Docket No. 1161.
January 24, 1958.
APPEAL from judgments of the Superior Court of Orange County. Robert Gardner, Judge. Affirmed.
Prosecution for abortion and for conspiracy to commit abortion. Judgment of conviction affirmed.
Morris Lavine and Z.B. West for Appellants.
Edmund G. Brown, Attorney General, and Herschel T. Elkins, Deputy Attorney General, for Respondent.
Appellants were charged with the crime of abortion in one information and with the crime of abortion and two counts of conspiracy to commit abortion in a second information, both filed in Orange County. The prior felony convictions alleged in the information were admitted. The informations were consolidated for trial and trial by jury was waived. The court found appellants guilty as charged in each case and they were each sentenced to state prison. Appellants appeal from the judgments, contending that they were illegally arrested and that the evidence introduced at the trial was obtained as a result of unlawful search of the house in which they were arrested. The sufficiency of the evidence to sustain the convictions is not questioned, and it is conceded that the facts regarding the search, seizure and arrest of appellants are based upon the uncontradicted testimony of the police officers and the witnesses for the prosecution.

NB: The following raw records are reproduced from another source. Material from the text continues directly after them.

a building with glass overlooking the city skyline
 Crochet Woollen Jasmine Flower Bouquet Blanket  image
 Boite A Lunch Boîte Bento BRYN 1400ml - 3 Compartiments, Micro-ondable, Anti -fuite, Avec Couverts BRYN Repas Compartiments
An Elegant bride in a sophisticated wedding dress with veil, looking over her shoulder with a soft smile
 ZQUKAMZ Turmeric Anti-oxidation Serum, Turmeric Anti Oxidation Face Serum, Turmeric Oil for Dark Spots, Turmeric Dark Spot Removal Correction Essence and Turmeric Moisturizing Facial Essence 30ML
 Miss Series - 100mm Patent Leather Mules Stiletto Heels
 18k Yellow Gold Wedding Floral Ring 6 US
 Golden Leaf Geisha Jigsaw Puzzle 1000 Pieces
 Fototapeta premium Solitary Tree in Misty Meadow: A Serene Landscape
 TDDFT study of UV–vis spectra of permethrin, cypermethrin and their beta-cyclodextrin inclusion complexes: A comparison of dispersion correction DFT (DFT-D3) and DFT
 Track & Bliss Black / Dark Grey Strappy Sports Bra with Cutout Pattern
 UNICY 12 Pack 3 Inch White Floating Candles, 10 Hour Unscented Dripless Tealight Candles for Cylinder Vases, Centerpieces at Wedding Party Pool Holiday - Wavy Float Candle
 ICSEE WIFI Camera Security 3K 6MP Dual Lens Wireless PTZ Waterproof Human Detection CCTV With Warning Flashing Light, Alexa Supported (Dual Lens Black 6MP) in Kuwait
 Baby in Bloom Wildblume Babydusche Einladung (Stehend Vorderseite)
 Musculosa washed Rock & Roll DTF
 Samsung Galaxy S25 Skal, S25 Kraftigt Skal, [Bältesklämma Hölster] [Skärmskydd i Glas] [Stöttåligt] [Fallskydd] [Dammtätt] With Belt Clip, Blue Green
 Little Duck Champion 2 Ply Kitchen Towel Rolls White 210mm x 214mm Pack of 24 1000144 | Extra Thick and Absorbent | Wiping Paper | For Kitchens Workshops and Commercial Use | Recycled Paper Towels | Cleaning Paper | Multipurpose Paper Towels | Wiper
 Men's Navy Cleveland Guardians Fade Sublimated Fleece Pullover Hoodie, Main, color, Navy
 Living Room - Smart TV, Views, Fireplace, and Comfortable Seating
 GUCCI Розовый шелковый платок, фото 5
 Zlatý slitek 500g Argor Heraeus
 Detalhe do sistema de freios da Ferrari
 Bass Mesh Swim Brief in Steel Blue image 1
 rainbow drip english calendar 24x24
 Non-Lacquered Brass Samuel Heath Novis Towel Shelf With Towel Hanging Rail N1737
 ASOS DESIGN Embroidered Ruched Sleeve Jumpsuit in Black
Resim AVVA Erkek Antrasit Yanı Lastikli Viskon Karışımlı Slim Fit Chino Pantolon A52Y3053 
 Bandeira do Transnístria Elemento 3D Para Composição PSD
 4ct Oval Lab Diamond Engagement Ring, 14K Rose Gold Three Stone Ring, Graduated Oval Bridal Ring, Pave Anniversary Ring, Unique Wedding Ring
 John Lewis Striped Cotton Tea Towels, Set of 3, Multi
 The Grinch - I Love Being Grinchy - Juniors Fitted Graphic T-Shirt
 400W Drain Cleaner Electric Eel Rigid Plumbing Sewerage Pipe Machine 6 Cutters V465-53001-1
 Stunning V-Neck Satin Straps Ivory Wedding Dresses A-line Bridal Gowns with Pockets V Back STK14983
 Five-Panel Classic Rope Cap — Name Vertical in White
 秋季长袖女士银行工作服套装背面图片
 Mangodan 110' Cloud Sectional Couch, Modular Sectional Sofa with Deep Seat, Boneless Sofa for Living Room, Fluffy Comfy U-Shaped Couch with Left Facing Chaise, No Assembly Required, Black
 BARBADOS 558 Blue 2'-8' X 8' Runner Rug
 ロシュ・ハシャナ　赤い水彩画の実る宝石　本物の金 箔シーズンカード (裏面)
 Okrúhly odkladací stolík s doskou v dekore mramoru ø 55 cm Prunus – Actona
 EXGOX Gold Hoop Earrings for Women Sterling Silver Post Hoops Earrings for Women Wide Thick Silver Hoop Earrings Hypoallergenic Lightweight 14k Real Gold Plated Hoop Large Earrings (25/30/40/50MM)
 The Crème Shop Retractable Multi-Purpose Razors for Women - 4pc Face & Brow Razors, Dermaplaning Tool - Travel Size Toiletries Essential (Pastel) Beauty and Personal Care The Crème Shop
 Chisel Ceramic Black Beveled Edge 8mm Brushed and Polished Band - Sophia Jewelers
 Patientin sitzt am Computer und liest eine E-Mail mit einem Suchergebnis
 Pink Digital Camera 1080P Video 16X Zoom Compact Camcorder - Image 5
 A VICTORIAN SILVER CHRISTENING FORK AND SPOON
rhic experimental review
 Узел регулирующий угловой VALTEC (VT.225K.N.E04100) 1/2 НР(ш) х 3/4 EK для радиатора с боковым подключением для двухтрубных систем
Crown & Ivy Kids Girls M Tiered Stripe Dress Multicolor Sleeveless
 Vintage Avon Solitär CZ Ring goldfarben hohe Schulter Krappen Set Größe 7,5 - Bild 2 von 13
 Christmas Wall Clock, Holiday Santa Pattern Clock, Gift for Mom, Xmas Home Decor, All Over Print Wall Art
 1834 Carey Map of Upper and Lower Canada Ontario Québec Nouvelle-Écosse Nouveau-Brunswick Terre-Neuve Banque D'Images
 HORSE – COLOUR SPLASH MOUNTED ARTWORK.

The facts and circumstances of the arrest and seizure herein are as follows: On October 5, 1956, John Baker, a deputy sheriff of Orange County, received a letter from the chief of police of Redwood City stating that a woman in Redwood City had been aborted in Orange County on September 24 and 25 at a place described as the first house beyond an orange grove on West Street in Garden Grove and near an elementary school, bearing a woman's name. The house was described as containing two bedrooms and a living room, each furnished with maple furniture, and a third bedroom containing medical and surgical equipment. It was further stated in the letter that the woman was picked up in a 1955 or 1956 blue and white Ford by a male, 6 feet tall, 50-55 years old, with dark hair, graying at the temples. Accompanying him was a woman described as being 5 feet, 5 inches tall, about 55-60 years old, wearing her hair in a switch on the top of her head and speaking in a southern drawl. About an hour after the receipt of this letter, Baker and Hicks of the sheriff's office went to the West Street area and located an elementary school, across the street from which was an orange grove. The first house to the south on West Street bore the number 12362. The officers looked through the windows into two bedrooms and a living room, which were furnished with maple furniture. Deputy Baker, with the aid of a flash light, saw a letter in the mail box addressed to Milton G. Ramsey. He learned from a neighbor that she had seen a blue and white Ford at that address. A check of their files by the officers revealed that a Milton G. Ramsey had been arrested in 1929 on a charge of assault with intent to commit murder; that May Leola Ramsey, alias Margaret Reeves, had been sent to state prison for abortion.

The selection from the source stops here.